Start of ENTRIES SUPPLIED
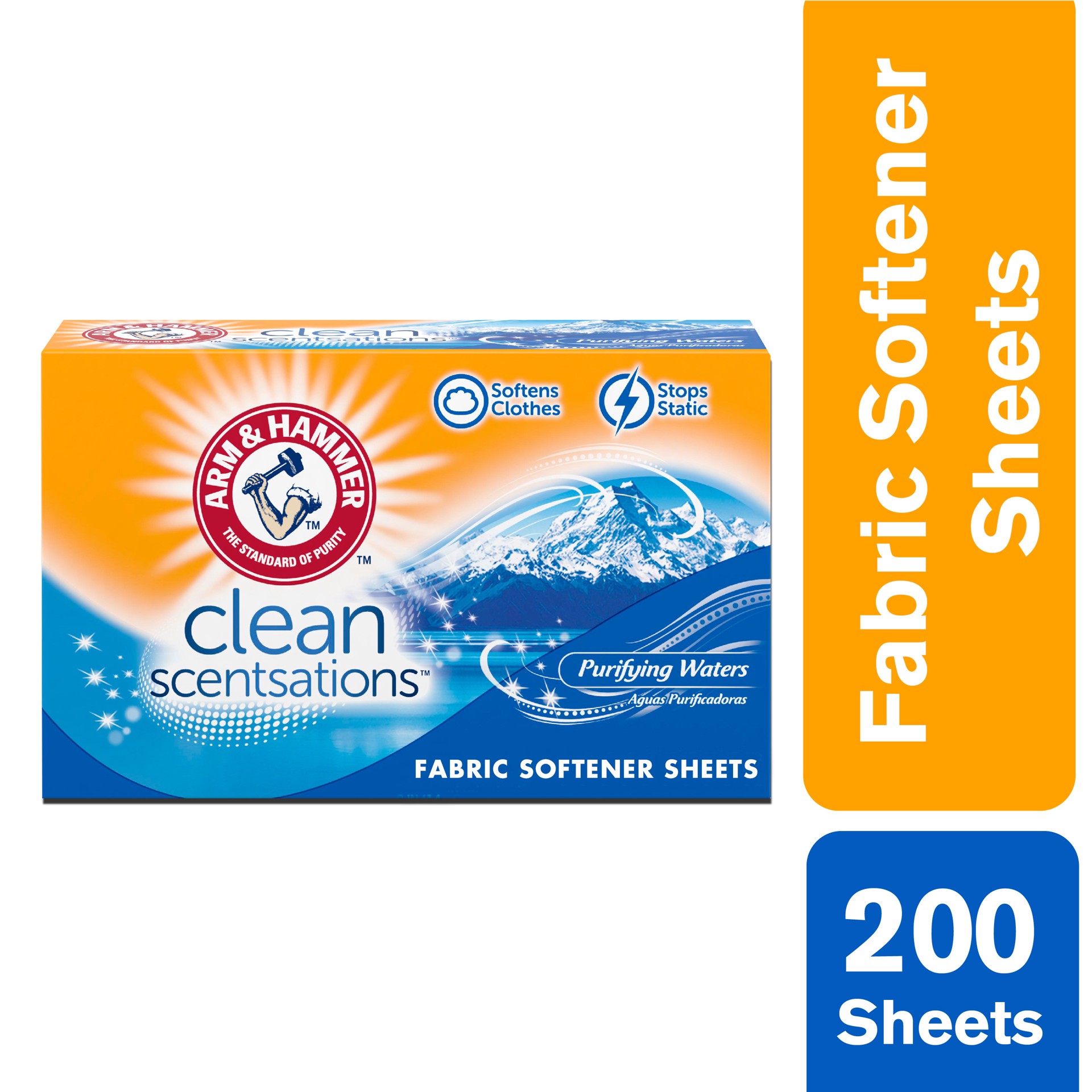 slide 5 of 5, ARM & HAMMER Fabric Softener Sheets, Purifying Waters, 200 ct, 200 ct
End of ENTRIES SUPPLIED
Start of ENTRIES SUPPLIED
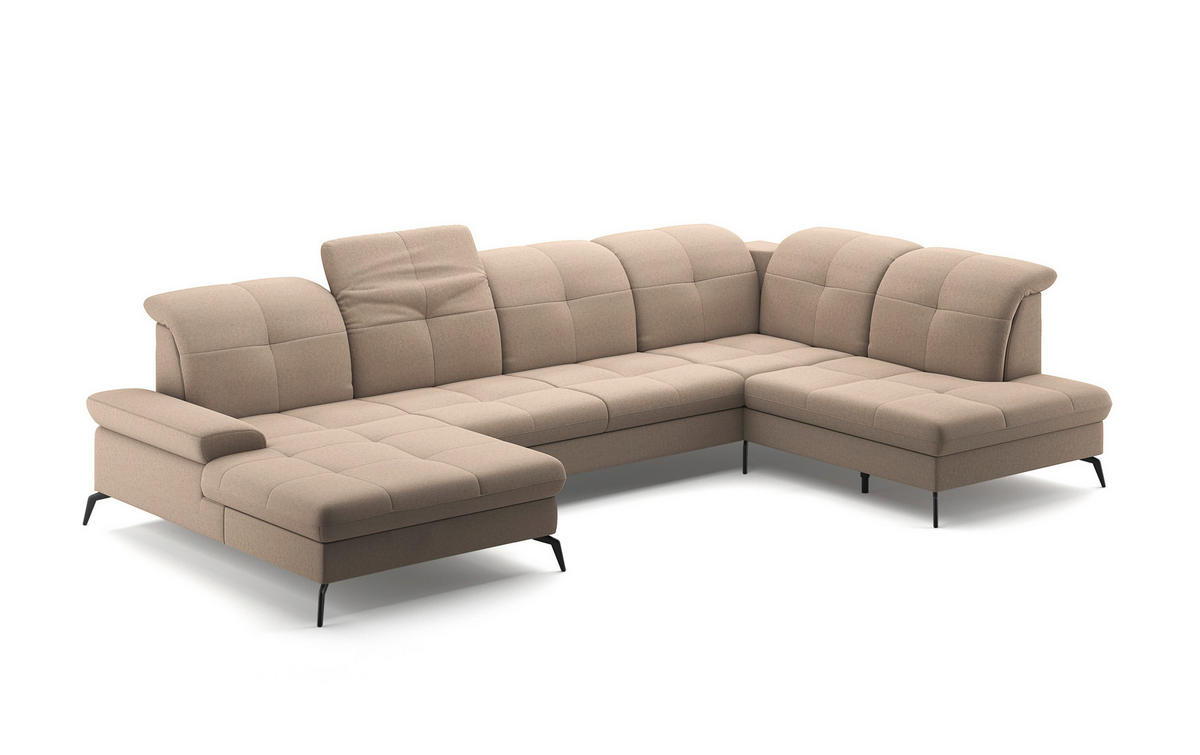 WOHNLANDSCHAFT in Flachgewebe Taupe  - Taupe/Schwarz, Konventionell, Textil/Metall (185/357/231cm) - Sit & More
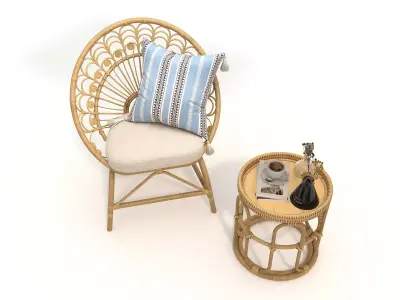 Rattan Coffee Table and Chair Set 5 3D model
End of ENTRIES SUPPLIED
§ **TASK PROMPT**: Find the line with "WOHNLANDSCHAFT in Flachgewebe" in the data above, and from there retype each line exactly through the line with "Rattan Coffee Table and Chair Set 5 3D model", skipping the pictures along the way.

§ **RESULT FOR THIS EXERCISE**:
 WOHNLANDSCHAFT in Flachgewebe Taupe  - Taupe/Schwarz, Konventionell, Textil/Metall (185/357/231cm) - Sit & More
 Rattan Coffee Table and Chair Set 5 3D model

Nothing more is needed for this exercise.